- _WHAT IS EXPECTED_
The full listing, copied exactly and free of pictures, is the expected reply.

- _DATA_
******************************
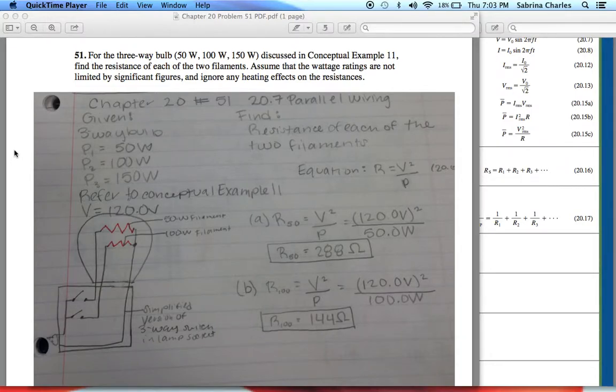Hello! I was assigned Chapter 20, Problem 51. Problem 51 reads that for the three-way bulb — 50 watts, 100 watts, and 150 watts — discussed in Conceptual Example 11, find the resistance of each of the two filaments. Assume the wattage ratings are not limited by significant figures, and ignore any heating effects on the resistances.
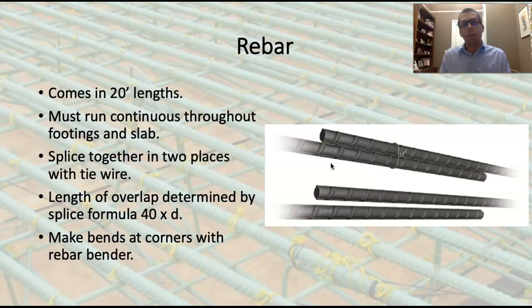Good luck trying to find anything smaller or larger than three, four, or five bar at any of the lumber yards around here. If you needed something bigger, that would probably be a special order item.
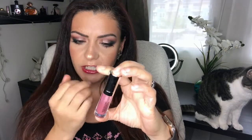Hi guys, welcome back to my channel. This video is going to be my lip service update. I have five products to start with, so let's get into it.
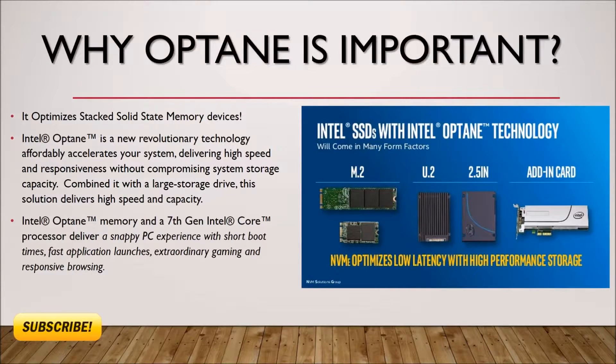Why is Optane important to the Z270? It optimizes stacked solid-state memory devices — the M.2, the U.2, the 2.5 SSD, and any add-in card that you might add. Intel's Optane technology is a revolutionary technology affordably accelerating your system, delivering high speed and responsiveness without compromising system storage capacities. Combining it with a classical HDD drive, this solution delivers high speed and capacity in one option.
******************************
- _FINISHED TASK_
Hello! I was assigned Chapter 20, Problem 51. Problem 51 reads that for the three-way bulb — 50 watts, 100 watts, and 150 watts — discussed in Conceptual Example 11, find the resistance of each of the two filaments. Assume the wattage ratings are not limited by significant figures, and ignore any heating effects on the resistances.
Good luck trying to find anything smaller or larger than three, four, or five bar at any of the lumber yards around here. If you needed something bigger, that would probably be a special order item.
Hi guys, welcome back to my channel. This video is going to be my lip service update. I have five products to start with, so let's get into it.
Why is Optane important to the Z270? It optimizes stacked solid-state memory devices — the M.2, the U.2, the 2.5 SSD, and any add-in card that you might add. Intel's Optane technology is a revolutionary technology affordably accelerating your system, delivering high speed and responsiveness without compromising system storage capacities. Combining it with a classical HDD drive, this solution delivers high speed and capacity in one option.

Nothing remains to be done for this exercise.